Compete with yourself not others – Warrican
National Scholar Shoné Warrican
News
January 7, 2022
Compete with yourself not others – Warrican

Shoné Warrican’s prayers were answered when she was named as one of the seven national scholars for 2021.

The 18-year-old Yambou resident was fighting off sleepiness when her aunt called to congratulate her about being named a scholar which shocked her since she hadn’t heard the news as yet. After an explanation from her aunt, her sleepiness was replaced by joy.

She remembered calling her mother, Petra Ballantyne, to tell her, and that her mother cried tears of happiness.

“I was elated because I was praying to get a scholarship to go off to study. I was feeling all sorts of nerves,” the holder of the Isabella Ferdinand-Samuel award commented to SEARCHLIGHT yesterday, January 6.

She explained that while she knew her parents would be able to get a loan for her University studies, “the thought of coming back to work to pay off a student debt… was not encouraging.”

She also said that she was thinking of her parents, “making them proud, their first daughter, first child gaining a national scholarship – it really means a lot.”

Warrican, who embraces Ballantyne, Everet Warrican and Earl Jacobs as her dads, began her academic pursuits at the Kingstown Preparatory School. Following her CPEA exams, she headed off to the St Joseph’s Convent, Kingstown where she spent the next five years at the end of which she gained 10 subjects at the Caribbean Secondary Education Certificate Exam (CSEC), and was Valedictorian of her graduating class.

At the college level, she took on Environmental Science, Chemistry, Biology and the compulsory communication studies.

Her goal is to do medicine and is particularly interested in forensic pathology.

Warrican explained that she had to overcome a mindset she had on entering college.

She said because she was a graduate of the Convent and not the Girls’ High School, “I limited myself, I felt a bit intimidated when it came to participating in class and from the get go I told myself ‘all these girls are smarter than you’,” she recounted; “‘go to the back, sit down and just breeze’, and I was wrong for doing that.”

She explained that, “it wasn’t until my first CAPE (Caribbean Advanced Proficiency) exams I realised that I had the potential to succeed and try and be at the top of my class and from then I continue with the help of my parents and close friends.”
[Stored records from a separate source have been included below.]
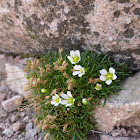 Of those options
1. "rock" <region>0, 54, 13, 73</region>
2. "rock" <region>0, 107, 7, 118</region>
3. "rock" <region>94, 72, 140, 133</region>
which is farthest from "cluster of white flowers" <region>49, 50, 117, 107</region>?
"rock" <region>0, 54, 13, 73</region>

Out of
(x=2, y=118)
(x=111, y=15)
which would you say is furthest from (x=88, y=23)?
(x=2, y=118)

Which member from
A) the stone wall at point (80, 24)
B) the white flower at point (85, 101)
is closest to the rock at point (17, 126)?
the white flower at point (85, 101)

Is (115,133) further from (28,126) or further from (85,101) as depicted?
(28,126)

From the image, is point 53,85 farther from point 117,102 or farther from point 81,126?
point 117,102

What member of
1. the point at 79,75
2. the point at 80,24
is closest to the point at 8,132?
the point at 79,75

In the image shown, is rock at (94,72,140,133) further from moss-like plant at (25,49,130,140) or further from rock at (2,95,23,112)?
rock at (2,95,23,112) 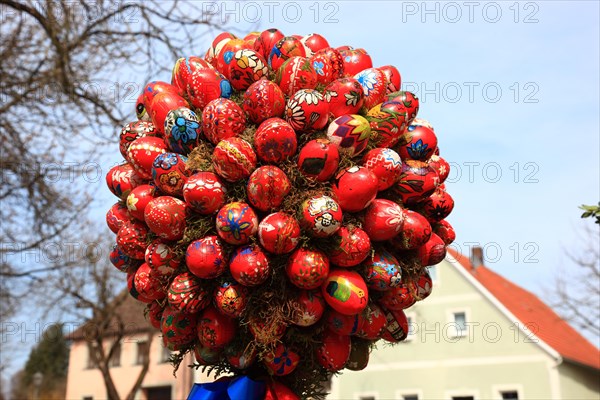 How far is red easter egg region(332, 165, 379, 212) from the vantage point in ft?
9.89

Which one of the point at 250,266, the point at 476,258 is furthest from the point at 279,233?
the point at 476,258

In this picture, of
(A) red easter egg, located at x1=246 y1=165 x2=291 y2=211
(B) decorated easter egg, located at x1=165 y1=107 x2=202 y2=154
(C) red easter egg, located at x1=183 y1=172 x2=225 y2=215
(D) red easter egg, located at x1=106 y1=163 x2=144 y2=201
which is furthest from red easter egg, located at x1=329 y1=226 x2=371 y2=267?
(D) red easter egg, located at x1=106 y1=163 x2=144 y2=201

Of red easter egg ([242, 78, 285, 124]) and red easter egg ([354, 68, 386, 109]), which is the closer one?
red easter egg ([242, 78, 285, 124])

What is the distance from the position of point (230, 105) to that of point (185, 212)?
565mm

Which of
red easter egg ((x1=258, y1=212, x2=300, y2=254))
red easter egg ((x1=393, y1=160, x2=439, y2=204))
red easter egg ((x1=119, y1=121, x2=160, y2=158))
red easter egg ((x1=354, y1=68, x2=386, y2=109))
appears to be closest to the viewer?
red easter egg ((x1=258, y1=212, x2=300, y2=254))

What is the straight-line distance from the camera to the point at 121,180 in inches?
137

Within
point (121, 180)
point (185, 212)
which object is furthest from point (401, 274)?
point (121, 180)

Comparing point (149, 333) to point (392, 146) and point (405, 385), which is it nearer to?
point (405, 385)

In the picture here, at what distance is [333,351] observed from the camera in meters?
3.16

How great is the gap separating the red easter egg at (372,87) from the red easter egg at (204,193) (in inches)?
35.9

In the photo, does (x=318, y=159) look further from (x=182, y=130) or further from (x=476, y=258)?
(x=476, y=258)

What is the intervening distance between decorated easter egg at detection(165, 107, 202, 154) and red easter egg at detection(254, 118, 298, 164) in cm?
33

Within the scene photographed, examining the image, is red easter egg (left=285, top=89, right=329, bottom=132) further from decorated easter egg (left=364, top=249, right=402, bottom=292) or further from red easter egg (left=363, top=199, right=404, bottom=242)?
decorated easter egg (left=364, top=249, right=402, bottom=292)

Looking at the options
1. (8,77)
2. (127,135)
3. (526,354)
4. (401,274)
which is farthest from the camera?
(526,354) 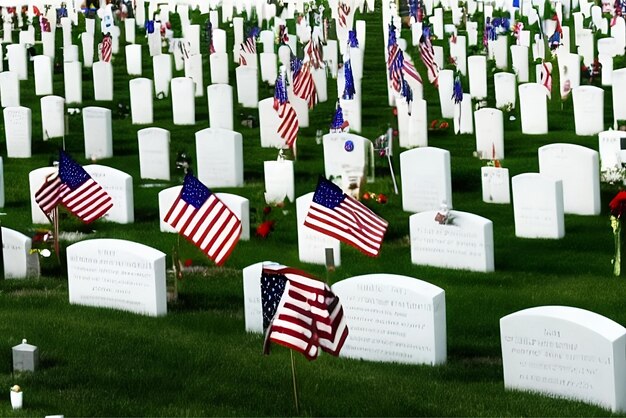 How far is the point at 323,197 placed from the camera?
1520 cm

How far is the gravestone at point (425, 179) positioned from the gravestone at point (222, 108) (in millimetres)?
7547

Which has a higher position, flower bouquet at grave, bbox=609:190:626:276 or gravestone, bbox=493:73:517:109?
gravestone, bbox=493:73:517:109

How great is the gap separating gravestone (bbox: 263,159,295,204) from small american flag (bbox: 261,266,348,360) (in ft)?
32.6

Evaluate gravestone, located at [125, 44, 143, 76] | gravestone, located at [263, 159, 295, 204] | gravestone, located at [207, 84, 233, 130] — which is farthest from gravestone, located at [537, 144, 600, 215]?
gravestone, located at [125, 44, 143, 76]

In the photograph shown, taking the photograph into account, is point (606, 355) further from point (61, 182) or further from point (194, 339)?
point (61, 182)

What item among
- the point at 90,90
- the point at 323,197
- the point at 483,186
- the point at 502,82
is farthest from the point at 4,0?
the point at 323,197

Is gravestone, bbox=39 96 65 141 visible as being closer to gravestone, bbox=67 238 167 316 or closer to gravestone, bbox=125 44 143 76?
gravestone, bbox=125 44 143 76

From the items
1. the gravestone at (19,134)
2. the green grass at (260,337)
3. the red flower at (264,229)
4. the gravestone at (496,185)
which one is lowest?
the green grass at (260,337)

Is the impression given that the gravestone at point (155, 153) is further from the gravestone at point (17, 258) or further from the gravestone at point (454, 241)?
the gravestone at point (454, 241)

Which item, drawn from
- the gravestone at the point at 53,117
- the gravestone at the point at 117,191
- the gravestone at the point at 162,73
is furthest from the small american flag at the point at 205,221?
the gravestone at the point at 162,73

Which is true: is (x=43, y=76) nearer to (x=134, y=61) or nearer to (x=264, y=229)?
(x=134, y=61)

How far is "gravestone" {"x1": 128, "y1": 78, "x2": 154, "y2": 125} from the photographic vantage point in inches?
1155

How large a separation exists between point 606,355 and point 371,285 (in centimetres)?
254

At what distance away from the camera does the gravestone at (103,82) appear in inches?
1272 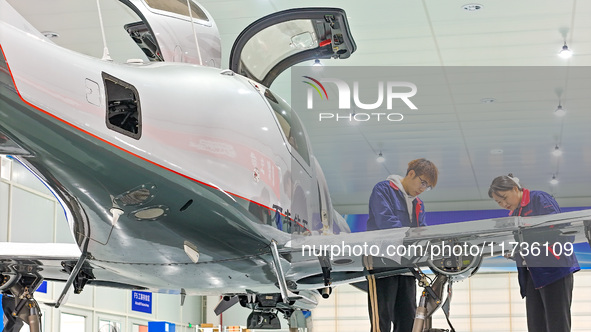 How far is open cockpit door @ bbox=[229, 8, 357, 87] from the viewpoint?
550 cm

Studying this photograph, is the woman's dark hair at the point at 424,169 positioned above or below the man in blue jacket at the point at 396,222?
above

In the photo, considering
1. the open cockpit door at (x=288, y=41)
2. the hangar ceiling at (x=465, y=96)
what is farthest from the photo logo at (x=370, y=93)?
the open cockpit door at (x=288, y=41)

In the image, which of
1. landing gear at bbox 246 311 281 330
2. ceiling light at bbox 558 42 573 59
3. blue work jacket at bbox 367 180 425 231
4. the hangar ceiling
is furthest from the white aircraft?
ceiling light at bbox 558 42 573 59

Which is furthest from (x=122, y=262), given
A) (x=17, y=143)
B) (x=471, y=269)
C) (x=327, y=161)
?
(x=327, y=161)

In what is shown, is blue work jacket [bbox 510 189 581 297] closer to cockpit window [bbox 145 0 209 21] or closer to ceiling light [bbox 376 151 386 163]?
cockpit window [bbox 145 0 209 21]

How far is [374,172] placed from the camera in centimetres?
1689

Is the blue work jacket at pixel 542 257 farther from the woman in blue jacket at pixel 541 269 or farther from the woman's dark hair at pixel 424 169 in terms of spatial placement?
the woman's dark hair at pixel 424 169

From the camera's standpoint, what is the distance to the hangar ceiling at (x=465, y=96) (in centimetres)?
1102

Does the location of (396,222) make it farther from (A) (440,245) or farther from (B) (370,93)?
(B) (370,93)

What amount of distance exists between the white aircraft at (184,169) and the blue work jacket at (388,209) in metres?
0.37

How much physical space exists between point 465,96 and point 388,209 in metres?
9.33

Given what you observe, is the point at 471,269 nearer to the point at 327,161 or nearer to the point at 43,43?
A: the point at 43,43

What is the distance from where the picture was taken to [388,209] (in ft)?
18.0

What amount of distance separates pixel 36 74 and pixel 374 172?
45.4ft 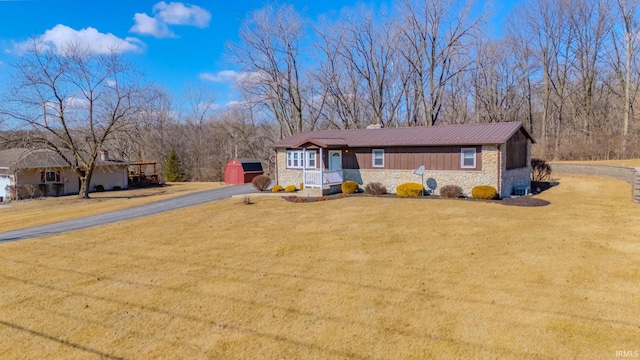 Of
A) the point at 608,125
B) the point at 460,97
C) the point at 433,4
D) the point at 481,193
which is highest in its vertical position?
the point at 433,4

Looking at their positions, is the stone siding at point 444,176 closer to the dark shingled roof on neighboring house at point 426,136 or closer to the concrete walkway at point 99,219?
the dark shingled roof on neighboring house at point 426,136

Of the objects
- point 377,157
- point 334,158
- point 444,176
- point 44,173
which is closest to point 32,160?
point 44,173

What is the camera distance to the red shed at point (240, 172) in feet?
114

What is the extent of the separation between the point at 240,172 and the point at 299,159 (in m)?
11.8

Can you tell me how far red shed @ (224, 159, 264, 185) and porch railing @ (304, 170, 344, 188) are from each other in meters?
→ 13.1

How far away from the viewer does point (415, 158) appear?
21.0 metres

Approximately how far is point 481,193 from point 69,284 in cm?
1673

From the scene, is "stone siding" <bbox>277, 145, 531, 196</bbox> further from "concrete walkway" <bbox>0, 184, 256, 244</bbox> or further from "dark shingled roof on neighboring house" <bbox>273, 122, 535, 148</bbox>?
"concrete walkway" <bbox>0, 184, 256, 244</bbox>

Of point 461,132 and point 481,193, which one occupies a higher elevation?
point 461,132

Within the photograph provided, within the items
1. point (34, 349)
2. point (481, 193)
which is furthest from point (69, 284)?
point (481, 193)

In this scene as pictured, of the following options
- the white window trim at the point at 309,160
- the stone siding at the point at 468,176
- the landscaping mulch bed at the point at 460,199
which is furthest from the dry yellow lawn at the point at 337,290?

She motivated, and reminded herself of her goals.

“You can’t watch faces in your class because at the end of the day everybody wants the same thing and you have to push,” she said.
An avid reader, she also admits that she likes studying and gaining knowledge.

In terms of advice Warrican responded:“see yourself as competition and not others. Try and improve from last term, don’t look at the person who’s in front of you in terms of academics because you’re not gonna improve based off…their grade, you’re gonna improve based off of your grades.”

They are a church going family and so she further advised to put God first.

“…And when you feel discouraged just remember your goals, take a break and then get back to work and then in the end it would all work out,” she concluded.